### REQUIRED ACTION
Your task is to repeat the entries underneath exactly, minus the pictures.

• • • •

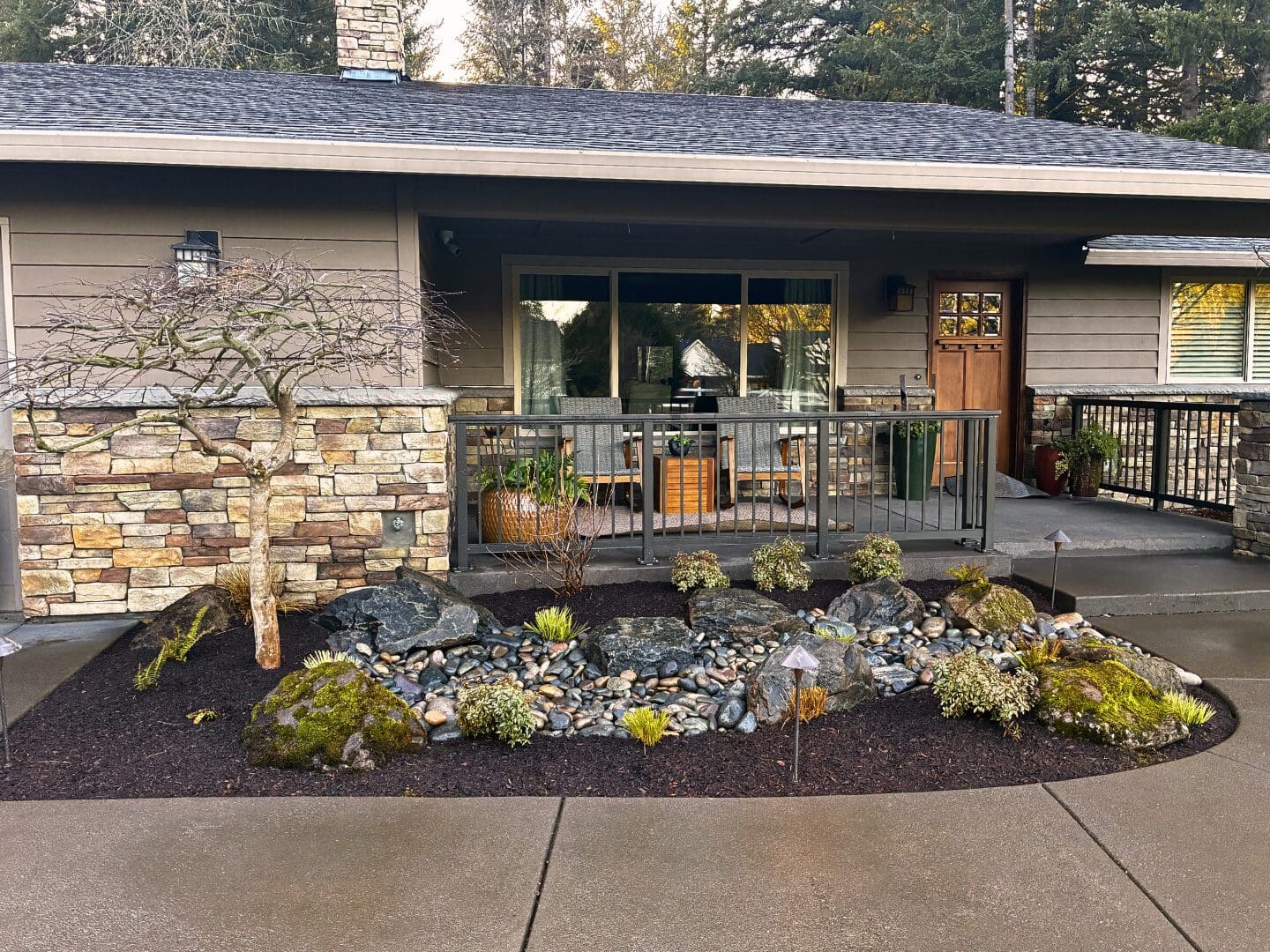 Stone work and dry creek landscape renovation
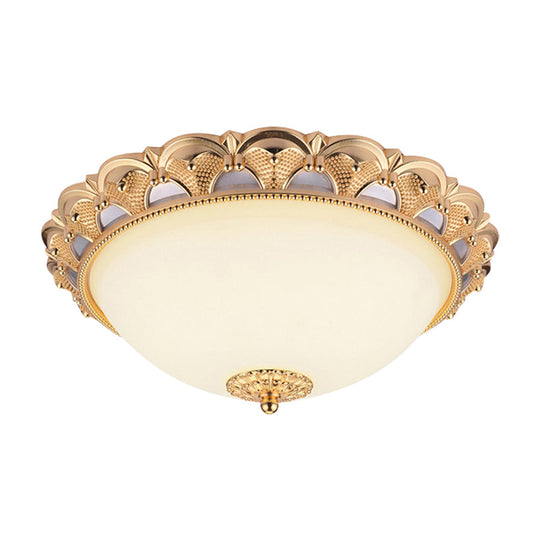 14’/16’ W Led Flushmount Classic Style Gold Ceiling Light Fixture With Opaline Glass Cloche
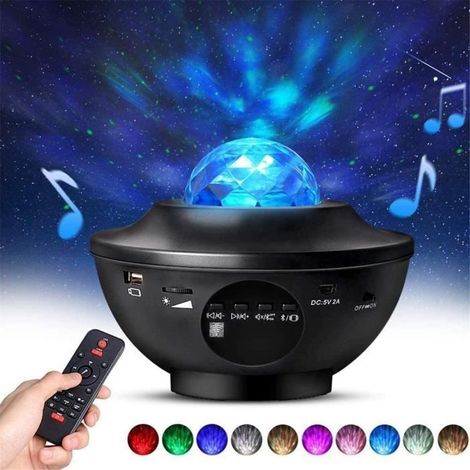 Lampe vidéoprojecteur Lampe Projecteur LED Étoile, Projecteur de Veilleuse Rotatif avec Télécommande & Timer & Enceinte & Bluetooth (1/4)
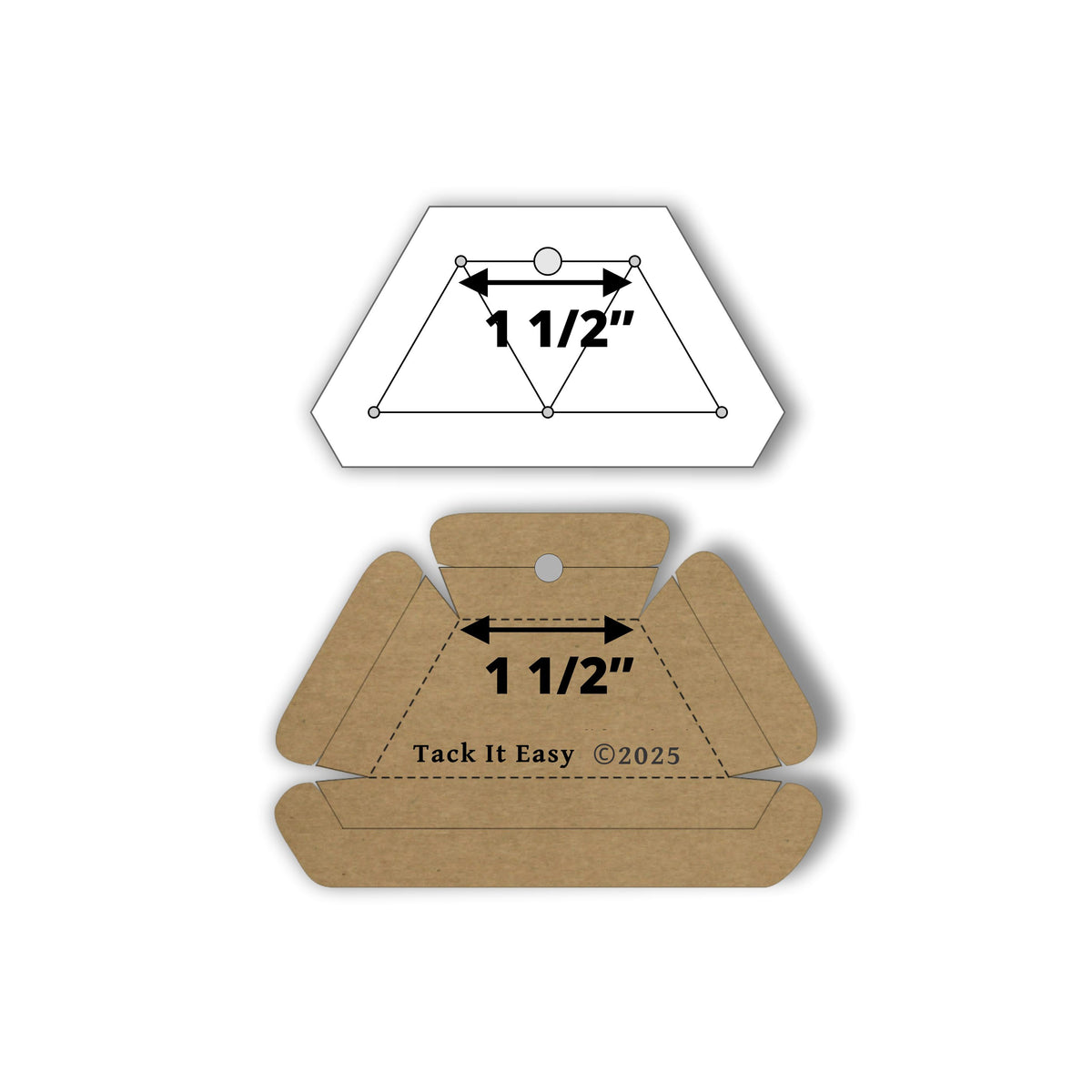 TACK IT EASY HALF HEXAGON 1 1/2" TEMPLATE & GADGET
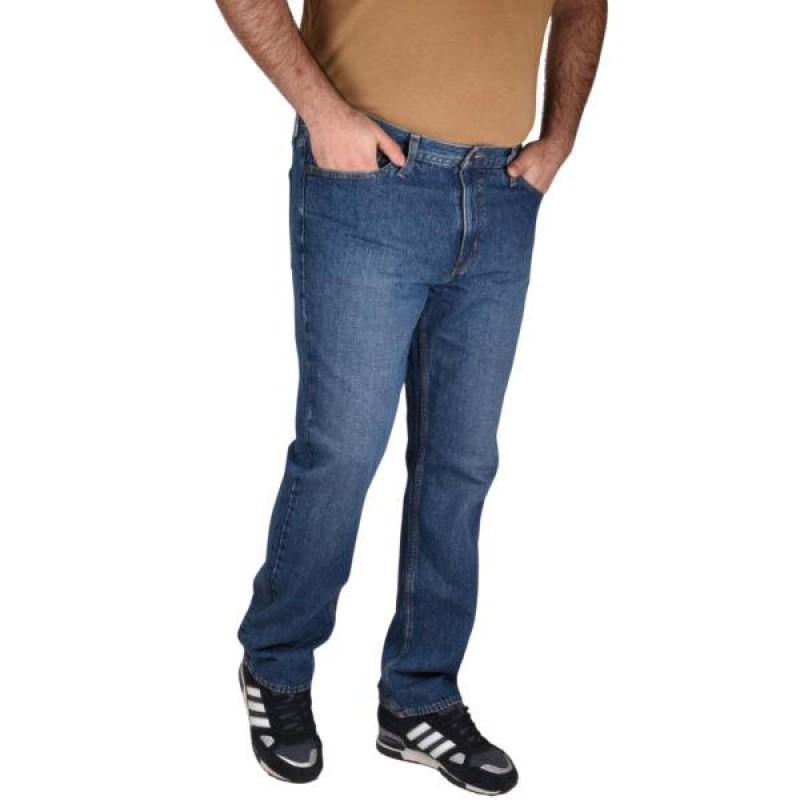 Mens Basic Denim Jeans Regular Fit Straight Leg Co...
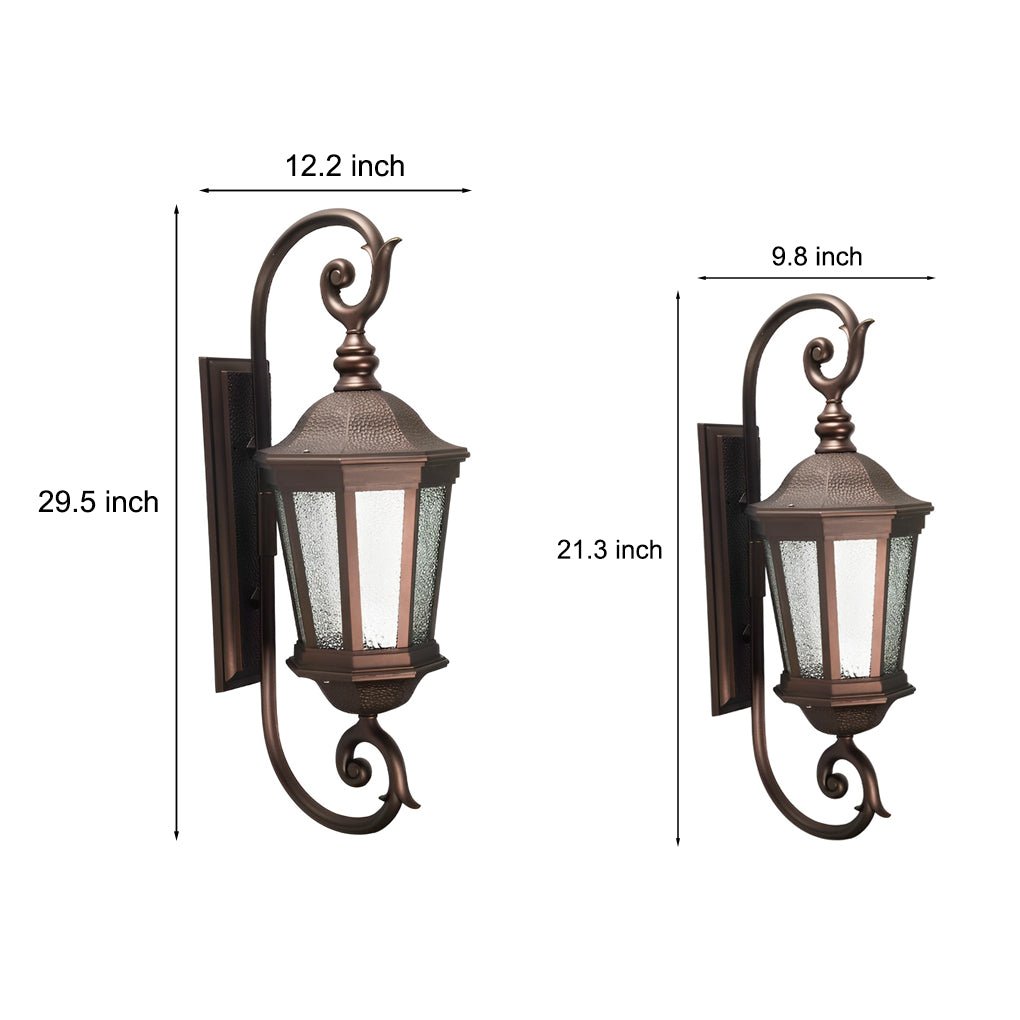 Retro Waterproof Outdoor Wall Light with Glass Shade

• • • •

### RESPONSE BELOW
 Stone work and dry creek landscape renovation
 14’/16’ W Led Flushmount Classic Style Gold Ceiling Light Fixture With Opaline Glass Cloche
 Lampe vidéoprojecteur Lampe Projecteur LED Étoile, Projecteur de Veilleuse Rotatif avec Télécommande & Timer & Enceinte & Bluetooth (1/4)
 TACK IT EASY HALF HEXAGON 1 1/2" TEMPLATE & GADGET
 Mens Basic Denim Jeans Regular Fit Straight Leg Co...
 Retro Waterproof Outdoor Wall Light with Glass Shade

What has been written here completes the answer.